(Supplied data)

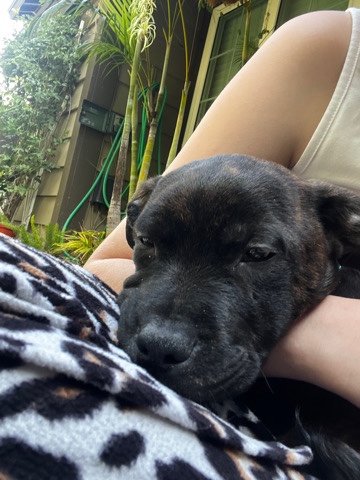 Old German Shepherd Dog – German shepherd pitbull  mix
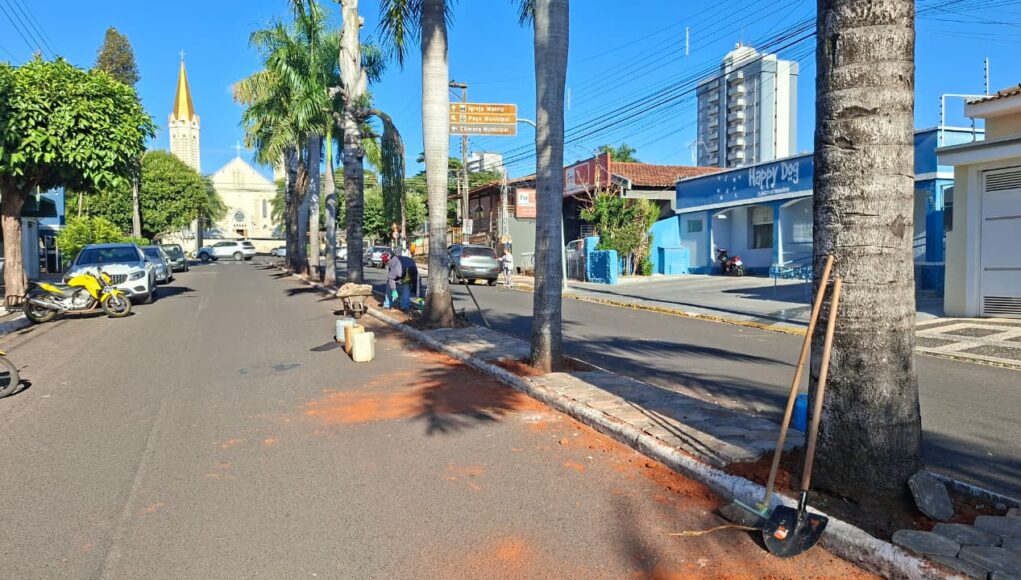 canteiro-central-da-avenida-tabajaras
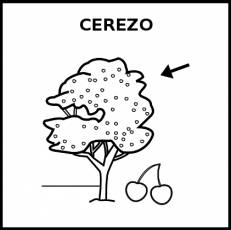 CEREZO - Pictograma (blanco y negro)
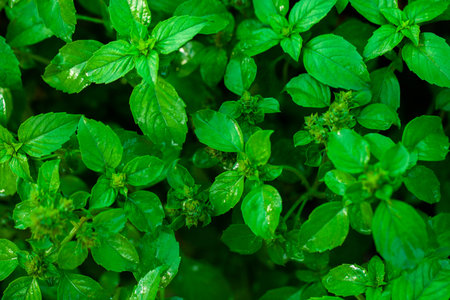 Fresh basil leaves in the garden. Natural background. Close up.の写真素材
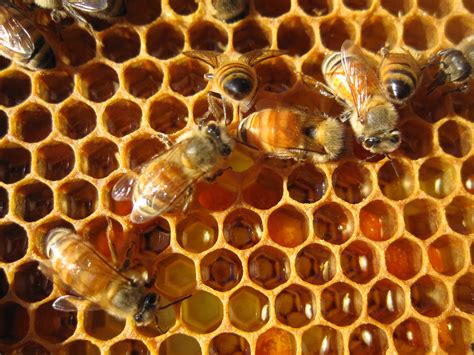 bee publicity  intro  winterizing beehives  morven bees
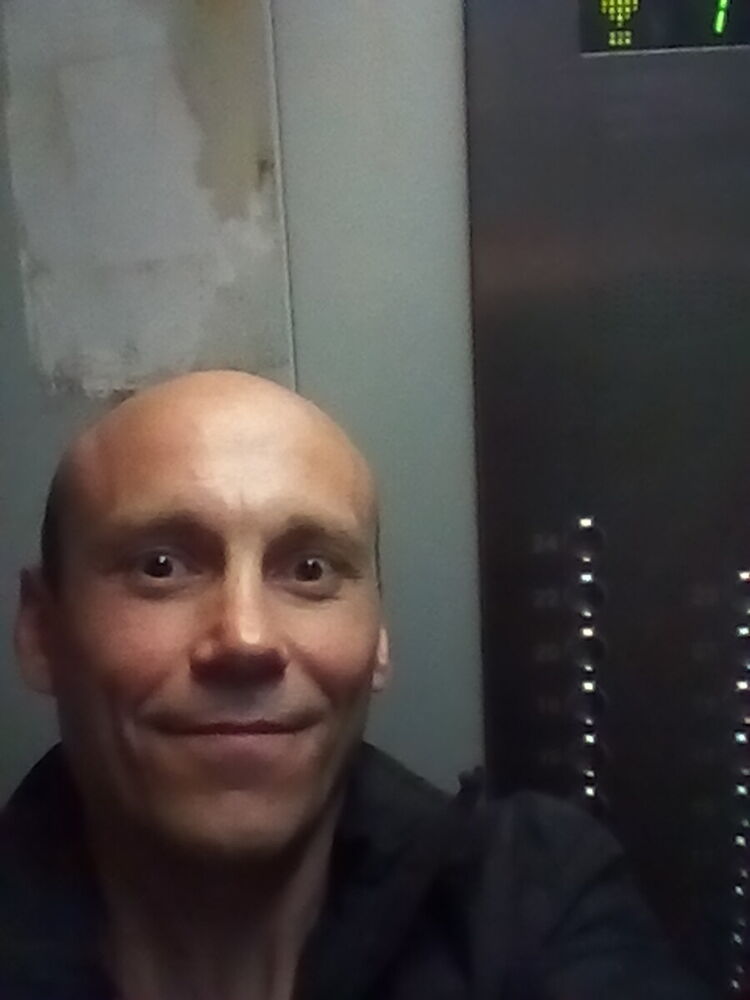  20299508  , 43 ,    -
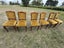 Walnut Dining Chairs x 8 Carousel 8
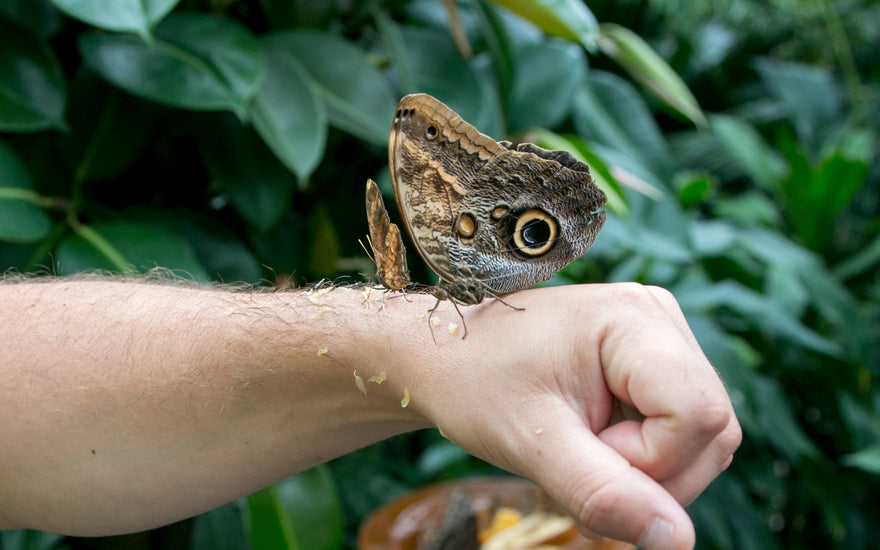 A butterfly resting on a person's hand with fruit food, set against a backdrop of lush green plants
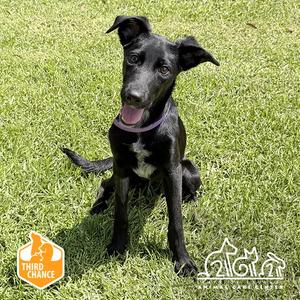 DW, Pointer, young, available for adoption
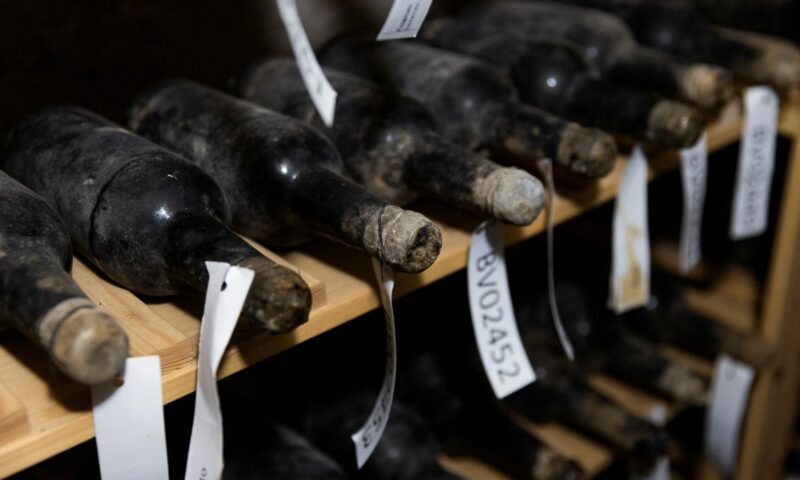 Secret wine stash, hidden by suspected Nazi sympathisers, unveiled after decades under castle floor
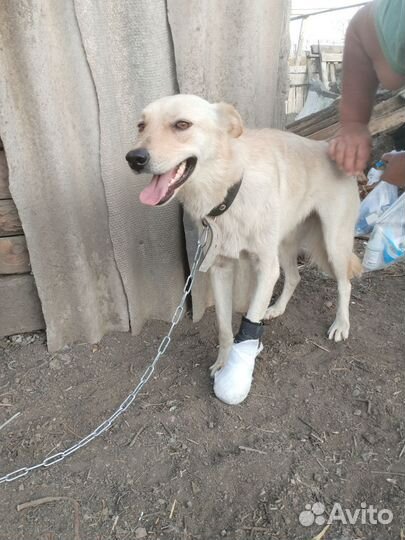 В добрые руки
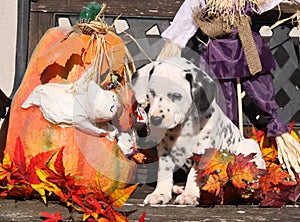 Dalmatian puppy in Halloween decoration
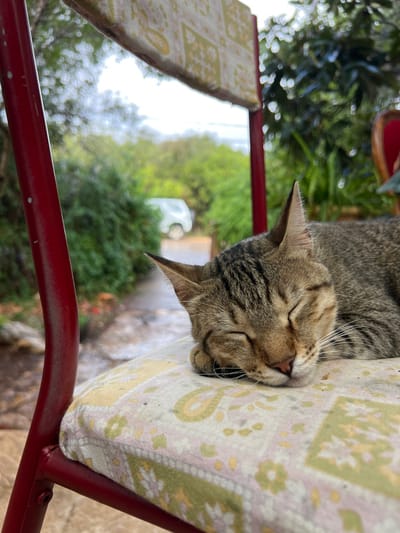 A brown and black striped tabby cat is observed sleeping on a padded chair cushion. The cat's eyes are closed, and its head rests upon its folded front paws. The cushion features a light-colored fabric with a repeating pattern of pale green and yellow paisley or floral motifs. The chair frame is constructed of dark red metal, visible on the left and right edges of the frame. The background is out of focus, depicting lush green foliage, a visible dirt or gravel path, and a light-colored vehicle (possibly a white van or car) in the distance. The sky appears overcast. This scene is located in the Maale Yosef Regional Council, Israel.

(End Supplied data)

Transcribe the records above exactly and drop every picture.

Expected output
 Old German Shepherd Dog – German shepherd pitbull  mix
 canteiro-central-da-avenida-tabajaras
 CEREZO - Pictograma (blanco y negro)
 Fresh basil leaves in the garden. Natural background. Close up.の写真素材
 bee publicity  intro  winterizing beehives  morven bees
  20299508  , 43 ,    -
 Walnut Dining Chairs x 8 Carousel 8
 A butterfly resting on a person's hand with fruit food, set against a backdrop of lush green plants
 DW, Pointer, young, available for adoption
 Secret wine stash, hidden by suspected Nazi sympathisers, unveiled after decades under castle floor
 В добрые руки
 Dalmatian puppy in Halloween decoration
 A brown and black striped tabby cat is observed sleeping on a padded chair cushion. The cat's eyes are closed, and its head rests upon its folded front paws. The cushion features a light-colored fabric with a repeating pattern of pale green and yellow paisley or floral motifs. The chair frame is constructed of dark red metal, visible on the left and right edges of the frame. The background is out of focus, depicting lush green foliage, a visible dirt or gravel path, and a light-colored vehicle (possibly a white van or car) in the distance. The sky appears overcast. This scene is located in the Maale Yosef Regional Council, Israel.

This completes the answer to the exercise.